About 30 years ago, a graduate student, Kurt Constenius, reported that a mile-long stretch at Montana’s Glacier National Park, where the Flathead River had eroded the land to expose ancient lake sediment, was salted with ancient insect fossils. His research, published in a regional geology journal, attracted little buzz.

But, decades later, Greenwalt would read about Mr. Constenius’ work. For the last five years, Greenwalt has spent three weeks each summer at that insect-laden stretch, known as the Kishenehn oil shale. There, he would collect pieces of shale, carry them to the river, and wet them, hoping to see in the thin slices of damp, translucent rock a millions of years old insect. And he did: he found mosquitoes and flies. He found wasps, beetles, and aphids. But not a single one had blood in it.
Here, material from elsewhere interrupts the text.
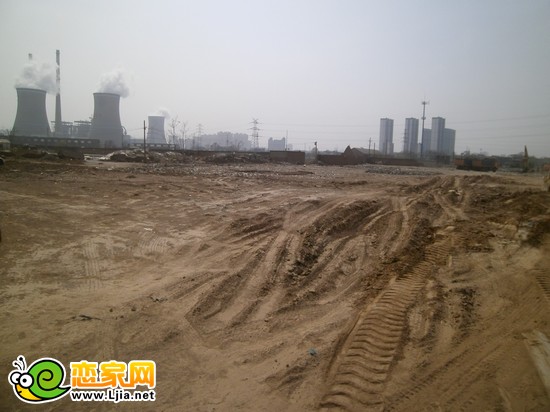 水岸春天項(xiàng)目工程實(shí)景圖（2013.3.23）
Then, two years ago, the Constenius family donated to the Smithsonian a collection of around 600 pieces of shale culled from Montana those 30 years ago. One of them, Greenwalt found, had most people’s nightmare of a prize but a scientist’s dream come true: a mosquito, plump with blood.

“I knew exactly what it was,” says Greenwalt. “I knew immediately it was a one of a kind fossil and very, very important.”

The find is exciting not just because it is improbable, says Greenwalt – it is also useful, with possible implications for what paleontologists might be able to find in other fossils.

That heme survived some 46 million years in a mosquito’s abdomen, and that it could be detected using a technique known as mass spectrometry, suggests that other large, organic molecules could be found in dinosaur fossils, says Greenwalt. Still, just what those molecules are, and what they might tell us, remains unknown.

“We just have to become intelligent enough to look for these molecules,” says Greenwalt.

That dinosaur fossils might still harbor the remains of soft tissues has been a tantalizing prospect in the paleontological field. Last October, researchers reported having used mass spectrometry to find red blood cells in a 67-million-year-old Tyrannosaurus rex fossil. Their findings have been controversial, however: critics have alleged that the cells are nothing more than slimy film from microbes in the fossils, Scientific American reported.